B. L’article 8 de la Charte

[65] Les demandeurs sont d’avis que les vastes pouvoirs d’inspection que la LPV confère à l’ACIA portent atteinte aux droits que leur garantit l’article 8 de la Charte. Ils signalent qu’ils n’ont pas convenu d’un droit restreint au respect de leur vie privée dans leur exploitation juste à cause de la réglementation de la culture de la pomme de terre. Ils font valoir que la LPV autorise à appliquer des pouvoirs d’une portée excessive sans supervision judiciaire et, à l’évidence, sans motif raisonnable pour soupçonner que les échantillons de sol requis renferment le parasite de la gale verruqueuse de la pomme de terre.
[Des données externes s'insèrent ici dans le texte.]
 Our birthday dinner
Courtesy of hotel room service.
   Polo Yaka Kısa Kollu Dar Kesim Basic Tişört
Et ils allèguent que la saisie d’échantillons de sol agricole est de nature hautement intrusive même s’il ne s’agit pas d’échantillons non corporels.

[66] La défenderesse soutient que l’article 8 de la Charte est un droit personnel qui protège les personnes et non les lieux. Elle ajoute qu’il existe un « lien rationnel » entre l’objet et les objectifs de la LPV et l’Enquête, que l’on impose des limites aux inspecteurs par l’entremise du paragraphe 26(1) et qu’il est présumé que les producteurs de pommes de terre de semence ont convenu de se soumettre aux règles qui régissent leur activité réglementée.
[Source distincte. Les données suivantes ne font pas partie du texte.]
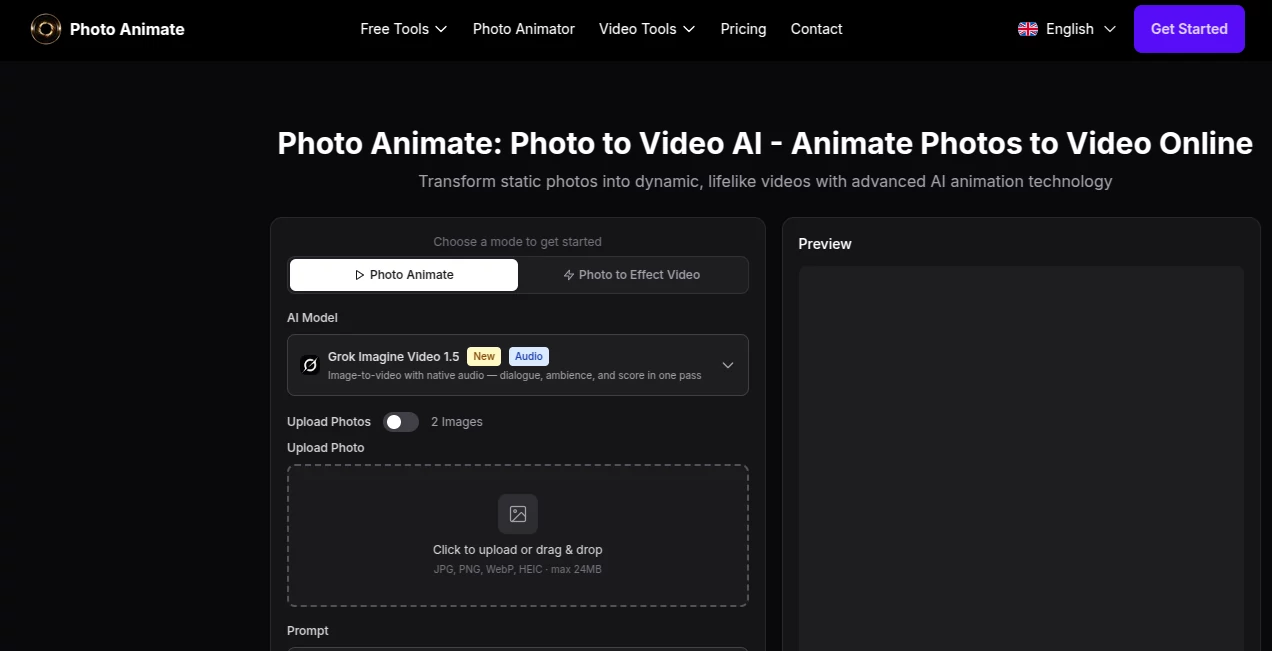 Screenshot of Photo Animate – An AI tool in the ,AI Animated Video ,AI Image to Video ,AI Video Generator ,Video  category, showcasing its interface and key features.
[67] Ceci étant dit avec égards, je suis d’accord avec l’ACIA. Je reconnais que la Cour suprême du Canada a statué que des pouvoirs réglementaires d’inspection constituent une fouille ou une perquisition au sens de l’article 8 de la Charte : voir l’arrêt Comité paritaire de l’industrie de la Chemise c Potash, [1994] 2 RCS 406, aux p 417 et 441 [Comité paritaire].
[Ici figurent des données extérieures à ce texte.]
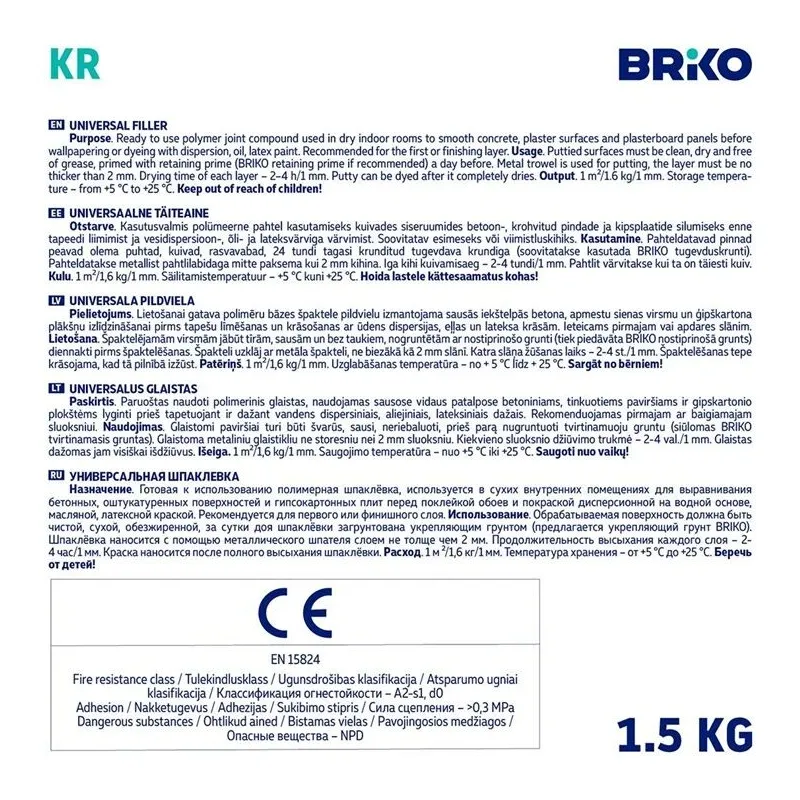 Universaalne kitt Briko KR, kasutusvalmis, valge v.-hall v., 1.5 kg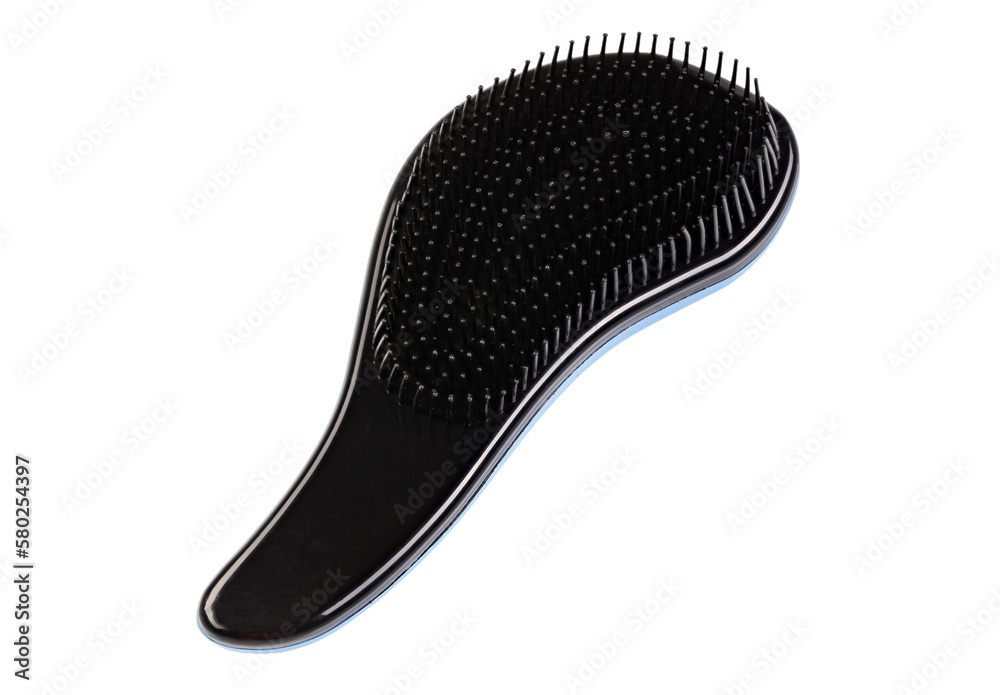 Black hair brush isolated on white background. Personal grooming accessory. File contains clipping path. Black hair brush isolated on white background. Personal grooming accessory. File contains clipping path.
[68] Cependant, il est vrai aussi que la Cour suprême du Canada a explicitement décrété que les garanties de l’article 8 qui sont énoncées dans l’arrêt Hunter et autres c Southam Inc., [1984] 2 RCS 145 sont « impossibles » à appliquer dans le contexte réglementaire, qui est celui dans lequel s’inscrit la perquisition autorisée par l’Enquête en l’espèce. Dans un contexte réglementaire, une inspection a pour objet sous‑jacent de vérifier si l’on respecte une loi réglementaire : voir l’arrêt Comité paritaire, à la p 421.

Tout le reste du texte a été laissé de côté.